IN SPITE of gloomy economic forecasts, the cruise industry is in good shape to weather an economic downturn, speakers at the Seatrade cruise conference in Miami suggested this week.

Gerry Cahill , chief executive of Carnival Cruise Lines, said the industry had to deal with a flood of negative information on the state of the US economy, with downward houseprices, bad employment predictions and a stock market downturn of 15-20%, the industry had performed well during the last two periods of recession in 1990 and 2001.

If US citizens were obliged to make sacrifices to offset economic issues like the price of oil, they were also wedded to the idea of an annual vacation, and the cruise industry had much to offer in offering a value for money experience, he told delegates at the Seatrade annual cruise convention in Miami.

Recent survey information suggests that, faced with an downturn, the US population is not inclined to forego its annual vacation, and cruise holidays are among the best value for money available, Mr Cahill said.

With the globalisation of the cruise sector, other countries offered a significant new source of potential cruisers, he said, as witnessed by the three fold increase in the number of cruisers in Europe between 1995 and 2006, according to European Cruise Council statistics.

Considering advance bookings for 2008 in terms of occupancy and pricing for Carnival and Royal Caribbean, cruising should turn out to be resilient, he believed.

Royal Caribbean president Adam Goldstein believed that the industry’s message that it provided value for money was one of the most valuable assets it had.

Colin Veitch did not feel the industry needed to be overly concerned about an economic downturn, as fundamentals for cruising remained good, with an ageing population with high disposable income.

Rick Sasso, chief executive of MSC Cruises (USA) told delegates that the cruise industry’s stamina to deal with every adversity in 40 years of growth had been extraordinary. North America, he said “is and has been the most penetrated market but North America is still under-penetrated.

Drivers for the future included the extensive investment being made in new tonnage. MSC alone has invested E4bn in the last three years, he said. Cruise passenger were now getting ships with twice the space per passenger than 20 years ago, he said, and the variety of brands available meant that there was something to suit every lifestyle.

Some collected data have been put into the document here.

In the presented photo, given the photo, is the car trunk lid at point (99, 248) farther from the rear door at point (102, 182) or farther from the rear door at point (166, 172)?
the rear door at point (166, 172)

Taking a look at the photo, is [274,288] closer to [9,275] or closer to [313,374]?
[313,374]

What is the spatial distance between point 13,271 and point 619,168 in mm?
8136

He also praised the talent available in the industry, with a combination of youth and experience.
If deployment of capacity in the Caribbean has dropped somewhat this year, most speakers agreed that the region remained the best cruising place in the world although there were opportunities to balance Caribbean business with other markets. If cruise lines decided to put ships into the European market rather than leaving them in the Caribbean, this was less a sign of lack of confidence in that market but a sign of confidence in Europe, Mr Veitch said.

Putting cruise ships into Asia is another area that the cruise lines are considering, although pricing might be an issue, as was the amount of time people take for holidays. Mr Veitch said his company’s personal interest was developing in Europe but for those companies already in Europe, Asia would prove an interesting market for development.

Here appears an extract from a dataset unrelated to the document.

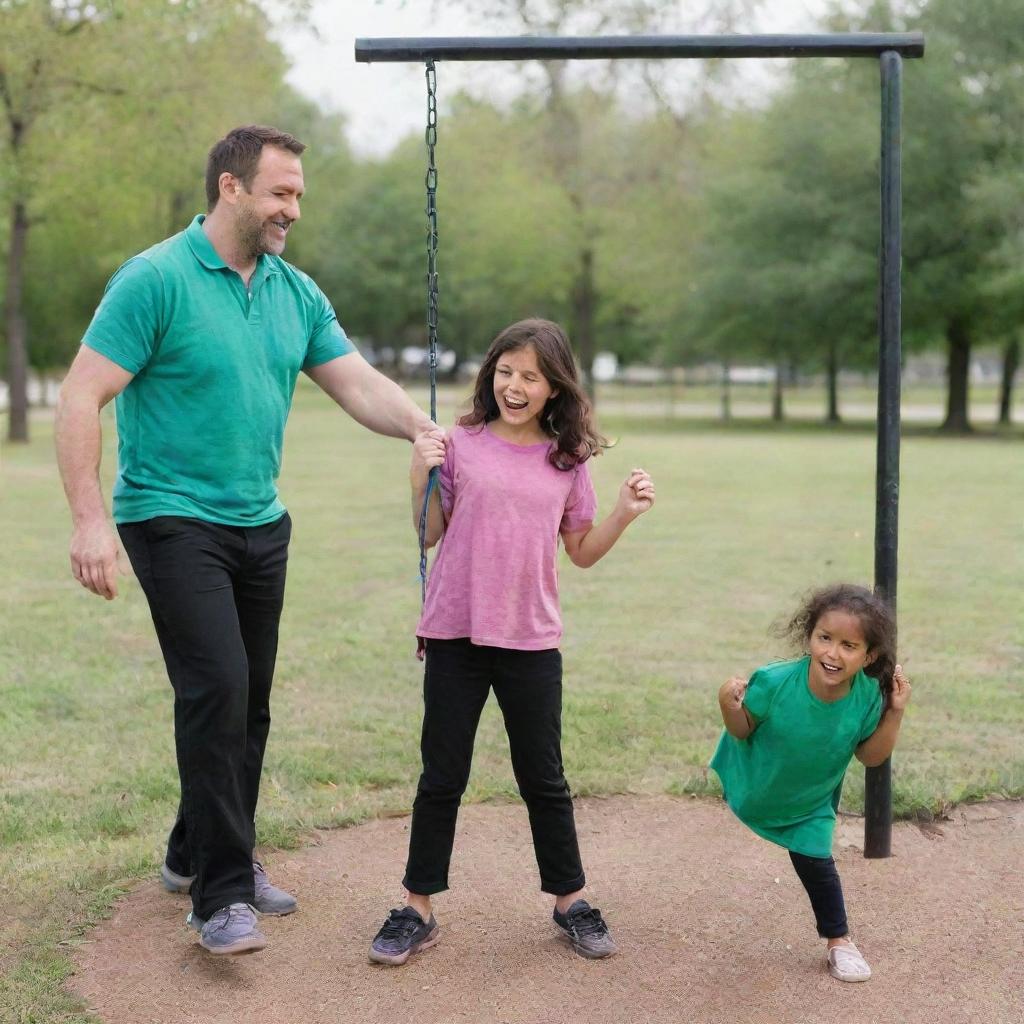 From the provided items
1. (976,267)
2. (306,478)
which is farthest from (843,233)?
(306,478)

According to Mr Goldstein, one trend among cruise lines was that of “disegalitarianism”. This, he described as a change in perception by passengers who, while being prepared to pay “top dollar” were not prepared to accept being on the same footing as other passengers when outside their cabins.

If European yards continue to dominate in the cruise shipbuilding sector, speakers felt that there was no reason why this should not change, but at the moment the Far Eastern yards were fully occupied with building ships for other sectors of the shipping industry. Tackling issues like cutting down on fuel and handling waste needed to be addressed in the shipbuilding context.

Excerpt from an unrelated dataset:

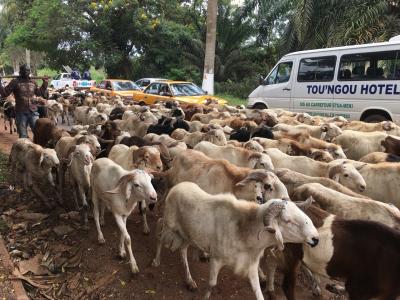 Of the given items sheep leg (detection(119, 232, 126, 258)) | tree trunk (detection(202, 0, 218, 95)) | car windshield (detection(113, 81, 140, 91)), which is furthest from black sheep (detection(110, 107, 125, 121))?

Stein Kruse, chief executive of Holland America Line said that given the currency challenge presented by a weak dollar and a strong euro, shipbuilding propositions from Asian yards would be attractive. However he felt that while the “skill sets” were available, Asian yards were not quite there in terms of availability of sub-contractors.

There was little to suggest that current high fuel prices would change, Mr Kruse said and the cruise industry was under pressure to find ways of conserving fuel, whether by the use of distillates, cold ironing, hull coatings or emissions trading.